I haven't read all the replies yet, but we have an extremely willful 9yo booger. We have had this child with us for three years, and he came with a plethora of developmental and behavioral issues, and maybe all of this isn't necessary for anyone but us....but I'll share the most effective thing that we do. It's kind of involved, I know, but this is our only child we have had to do anything like this for.

He has four "levels"...don't laugh. I realize this must sound funny. His four levels are "purgatory", venerable", "blessed", and "saint". Each level has different behaviors that get you there, and different privilages (or lack of) associated with them.
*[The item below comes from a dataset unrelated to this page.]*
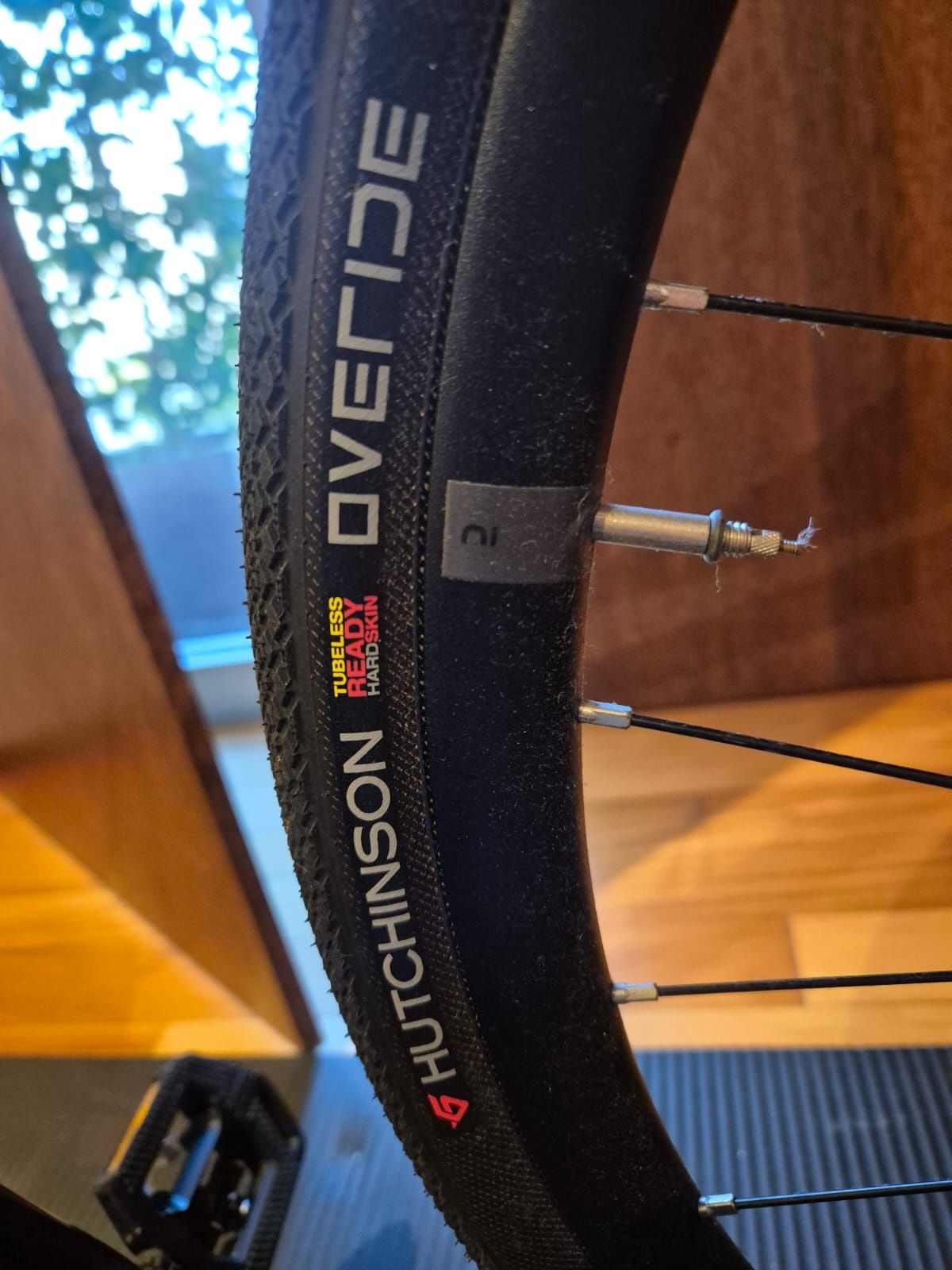 Rolo de treino TACX NEO 2 + Bicicleta TRIBAN RC 520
We generally decide what his level for the following day will be at bedtime, but some behaviors have to be dealt with right away and get his level moved immediately. For example, hitting, lying, etc. gets you automatically put on purgatory and you stay there for the rest of the day and all of the next day. Achieving the higher two levels, especially the highest level, requires not just the abscence of bad behavior but the presence of active, cooperative behavior. He doesn't get saint that often, but that's ok. I wanted the highest level to be a reward for "above and beyond" good behavior, and the privilages on it show this. Purgatory is for really unacceptable stuff. Most of the time, on better days, he is on blessed and on not so great days he is on venerable.

Detailing the whole deal gets really involved, I'll stop here and share more if someone is interested...have to go finish putting lunch on right now. I will say that this method, while it may be a lot to deal with for your average kiddo, has been extremely useful for us and very effective. We have been using it for, oh, several months now at least...maybe nearly a year... I'm not a big "dangle a carrot" kind of parent, and in a perfect world I could get this child to behave by his virtue and mine...hopefully we will get there some day. In the meantime, this child needs some serious carrots.